In 2008, the first large-scale time-use survey (TUS) was carried out across China. This paper, produced by the United Nations Research Institute for Social Development, analyses the TUS data collected, describing the gender patterns across three different types of activity: paid work, unpaid work, and non-work activity. Next, a seemingly unrelated regression (SUR) technique is applied to estimate the trade-off between each of these three types of activities, before the authors estimate a monetary value of unpaid work, comparing the findings with a range of macroeconomic indicators. First, the study introduces the survey itself. Covering 37,142 individuals aged between 15-74, and living in 10 different provinces, participants were divided roughly equally between both rural and urban, and men and women. The study represents a significant and comprehensive survey into the ways participants used their time throughout the day, accounting for simultaneous activities and covering nine general varieties of work.
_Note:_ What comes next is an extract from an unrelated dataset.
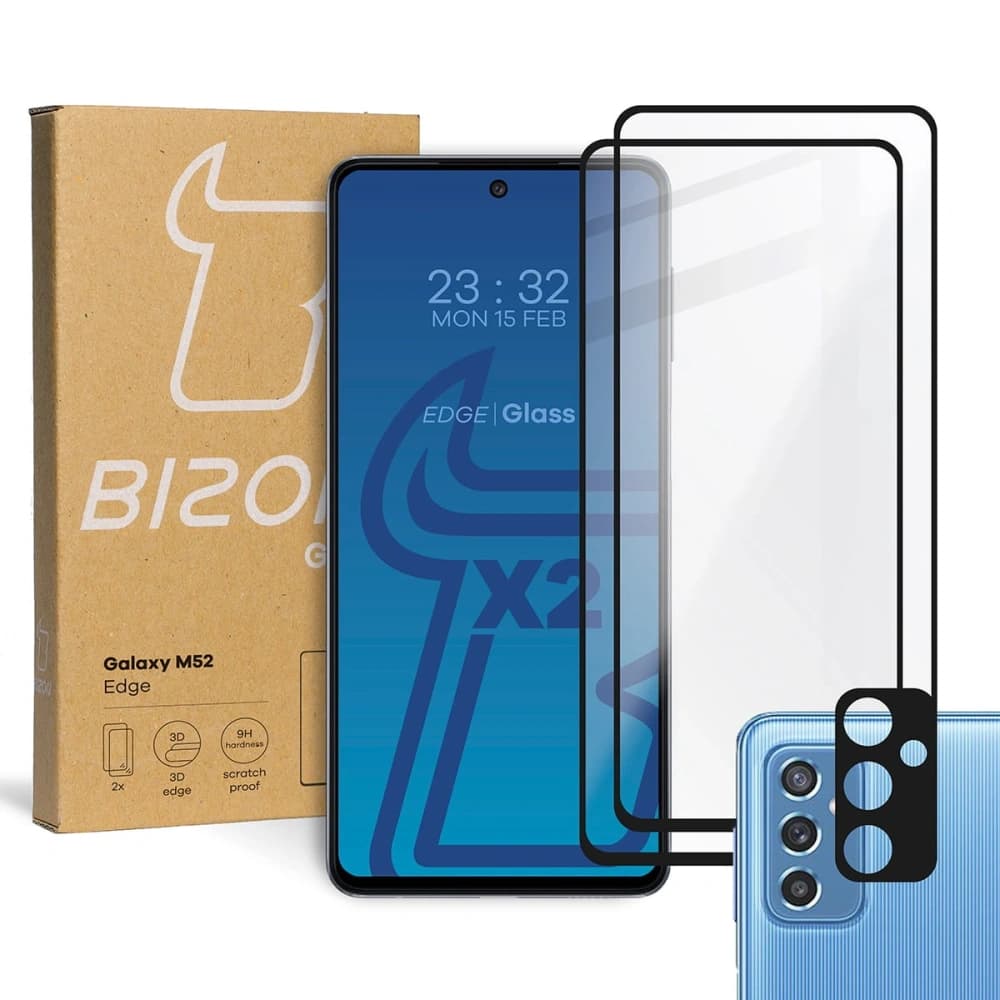 2x szkło hartowane Bizon Glass Edge + ochrona na obiektyw Samsung Galaxy M52 czarne - 1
Highlights from the findings are summarised in the conclusion of the paper:
- Men spent more hours in paid employment than women, while women spent more time in unpaid work; when added together, women spent considerably more time devoted to work overall.
- Using the SUR methodology, the analysis found that women did not share men’s propensity to trade one type of work for another, meaning that external shocks disproportionately impacted women’s free time.
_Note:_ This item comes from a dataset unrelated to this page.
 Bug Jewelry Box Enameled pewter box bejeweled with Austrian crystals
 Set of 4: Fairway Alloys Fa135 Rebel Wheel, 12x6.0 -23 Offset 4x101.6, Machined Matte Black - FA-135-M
- Educated women from higher income backgrounds have greater time autonomy.
- Unpaid work is estimated to account for between 25.1% and 32.2% of GDP, with unpaid care work estimated to account for between 5% and 6.4% of GDP.
- Macro-economic comparisons show unpaid work as representing a huge contribution to national economic well-being.
The analysis shows a growing tension between paid and unpaid work, with the Chinese government’s overriding concern focused on improving the productivity of paid work. This is unsustainable and unfair on women, since market reforms have eroded government and employer support and protection for women’s reproductive roles.
The paper closes with a call for greater policy attention to supporting the reproductive economy, so as to ensure a socially adequate and gender-equitable supply of domestic and care services.